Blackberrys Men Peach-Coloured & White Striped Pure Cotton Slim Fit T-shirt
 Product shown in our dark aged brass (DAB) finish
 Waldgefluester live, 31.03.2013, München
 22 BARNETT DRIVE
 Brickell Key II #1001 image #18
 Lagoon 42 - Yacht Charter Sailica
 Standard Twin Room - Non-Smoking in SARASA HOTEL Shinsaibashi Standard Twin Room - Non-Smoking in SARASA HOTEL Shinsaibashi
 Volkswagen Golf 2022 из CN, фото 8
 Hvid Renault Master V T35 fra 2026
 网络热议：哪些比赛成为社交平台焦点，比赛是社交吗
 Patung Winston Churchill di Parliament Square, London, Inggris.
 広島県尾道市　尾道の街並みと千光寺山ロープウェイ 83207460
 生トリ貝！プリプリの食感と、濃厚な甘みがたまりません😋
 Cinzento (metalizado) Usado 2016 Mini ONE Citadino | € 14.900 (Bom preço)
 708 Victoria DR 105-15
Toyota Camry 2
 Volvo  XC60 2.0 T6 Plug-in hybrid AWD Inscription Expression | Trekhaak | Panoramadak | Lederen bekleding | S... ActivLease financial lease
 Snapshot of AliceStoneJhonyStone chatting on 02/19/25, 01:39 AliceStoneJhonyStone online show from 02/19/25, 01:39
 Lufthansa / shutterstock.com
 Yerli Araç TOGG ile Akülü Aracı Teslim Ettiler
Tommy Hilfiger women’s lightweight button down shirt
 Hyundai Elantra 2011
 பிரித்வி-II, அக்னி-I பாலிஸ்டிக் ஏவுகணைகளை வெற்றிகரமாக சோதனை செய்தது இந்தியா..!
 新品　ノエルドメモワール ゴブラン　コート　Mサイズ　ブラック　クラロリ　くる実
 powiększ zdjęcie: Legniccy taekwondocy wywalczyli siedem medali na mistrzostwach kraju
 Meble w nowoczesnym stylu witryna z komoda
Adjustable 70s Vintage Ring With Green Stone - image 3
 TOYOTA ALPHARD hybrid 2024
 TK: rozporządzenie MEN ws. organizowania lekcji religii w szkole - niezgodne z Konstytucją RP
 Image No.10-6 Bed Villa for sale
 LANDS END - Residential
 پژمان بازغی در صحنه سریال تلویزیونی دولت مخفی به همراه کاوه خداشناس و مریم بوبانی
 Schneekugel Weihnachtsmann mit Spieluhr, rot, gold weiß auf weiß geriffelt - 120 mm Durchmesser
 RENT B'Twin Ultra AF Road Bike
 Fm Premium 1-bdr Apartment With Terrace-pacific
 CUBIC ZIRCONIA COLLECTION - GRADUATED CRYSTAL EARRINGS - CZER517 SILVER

Task directions:
All lines of the records above that carry the word "shirt" should be listed.

Solution:
Blackberrys Men Peach-Coloured & White Striped Pure Cotton Slim Fit T-shirt
Tommy Hilfiger women’s lightweight button down shirt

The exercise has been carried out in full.